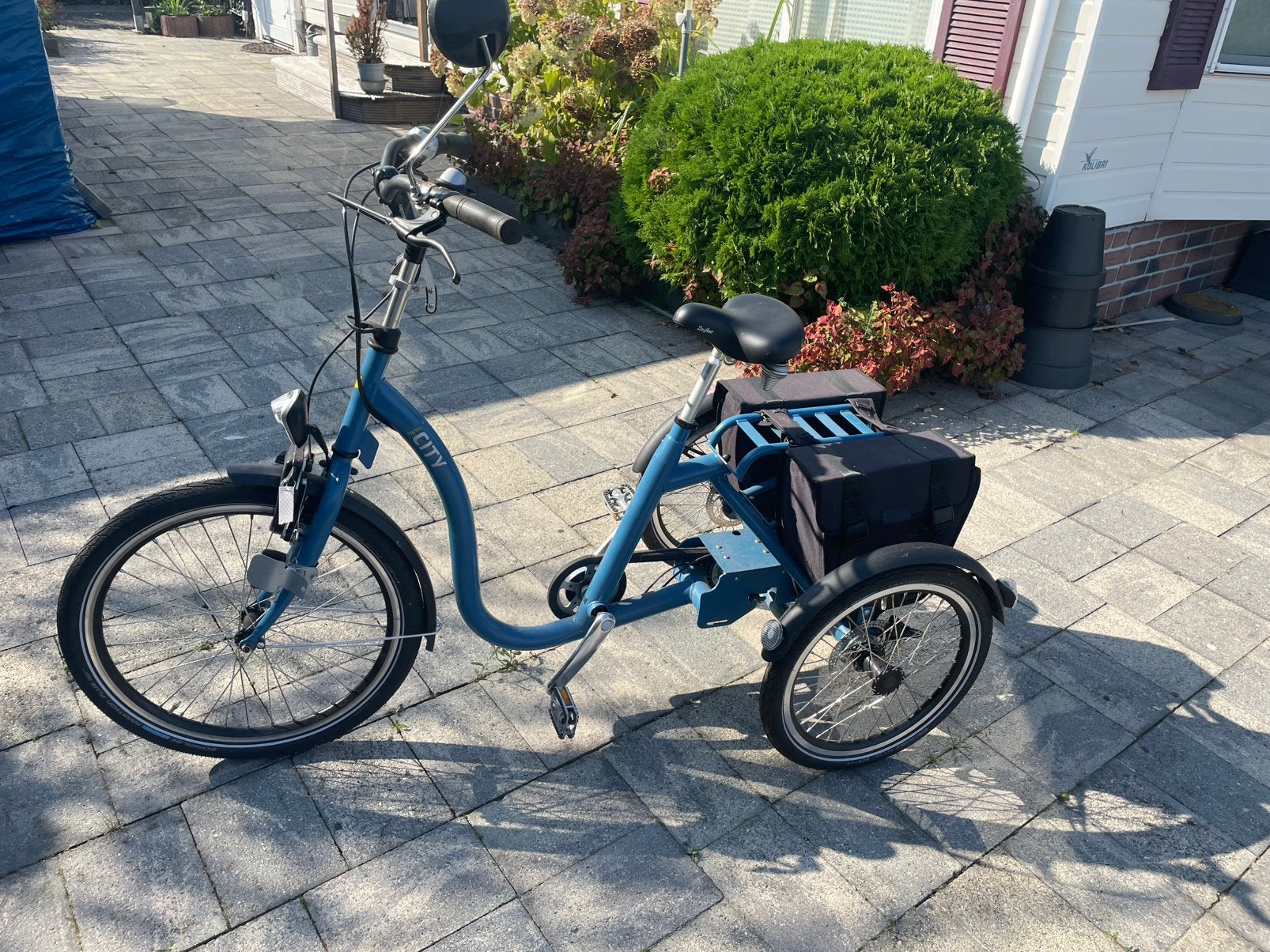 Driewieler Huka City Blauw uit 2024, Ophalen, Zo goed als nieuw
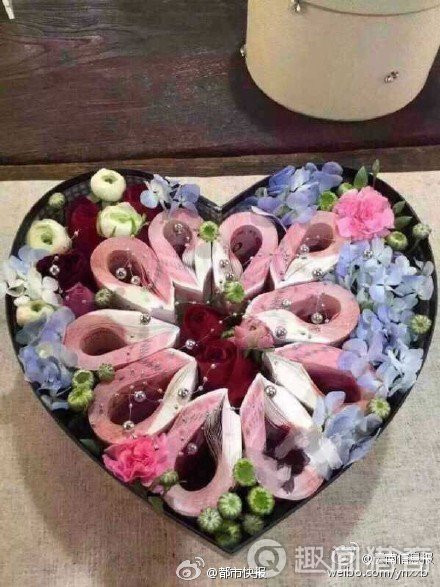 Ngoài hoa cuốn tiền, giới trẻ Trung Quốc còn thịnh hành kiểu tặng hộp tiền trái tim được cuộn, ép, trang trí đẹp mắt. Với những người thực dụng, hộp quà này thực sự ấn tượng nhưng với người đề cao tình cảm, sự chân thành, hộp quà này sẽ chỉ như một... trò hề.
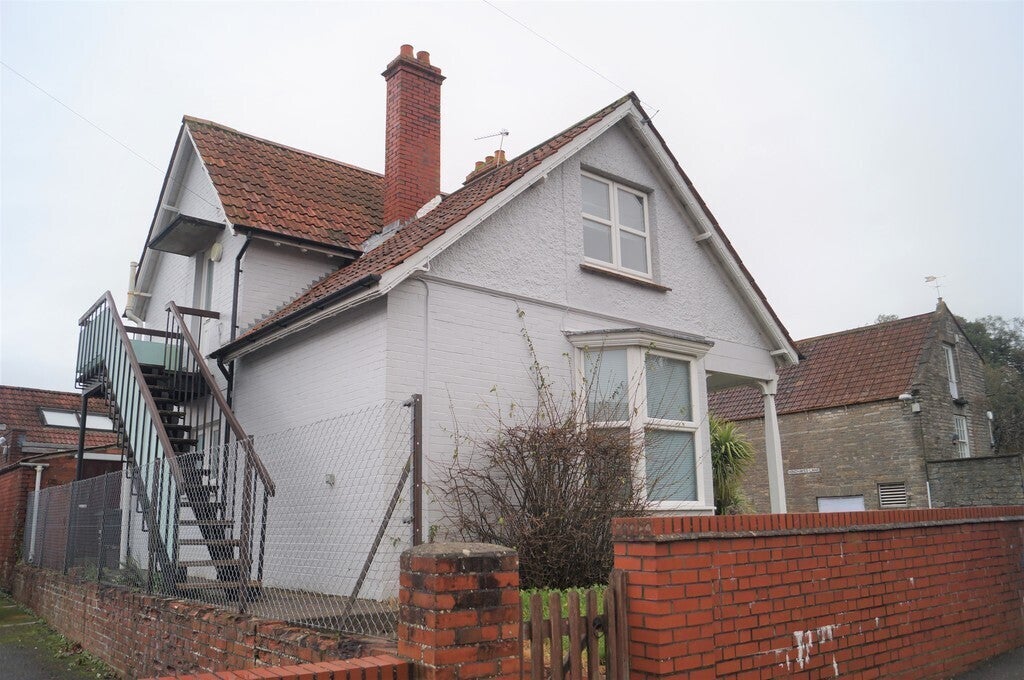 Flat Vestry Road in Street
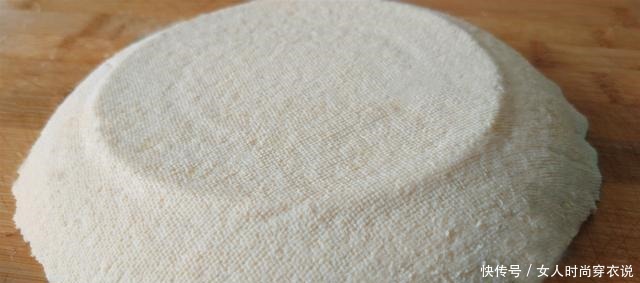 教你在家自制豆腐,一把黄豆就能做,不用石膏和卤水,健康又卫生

■ DIRECTIONS FOR THIS TASK ■
After locating the line with "Ngoài hoa cuốn", transcribe it and the rest of the data above exactly as written, without any picture.

■ YOUR SOLUTION ■
 Ngoài hoa cuốn tiền, giới trẻ Trung Quốc còn thịnh hành kiểu tặng hộp tiền trái tim được cuộn, ép, trang trí đẹp mắt. Với những người thực dụng, hộp quà này thực sự ấn tượng nhưng với người đề cao tình cảm, sự chân thành, hộp quà này sẽ chỉ như một... trò hề.
 Flat Vestry Road in Street
 教你在家自制豆腐,一把黄豆就能做,不用石膏和卤水,健康又卫生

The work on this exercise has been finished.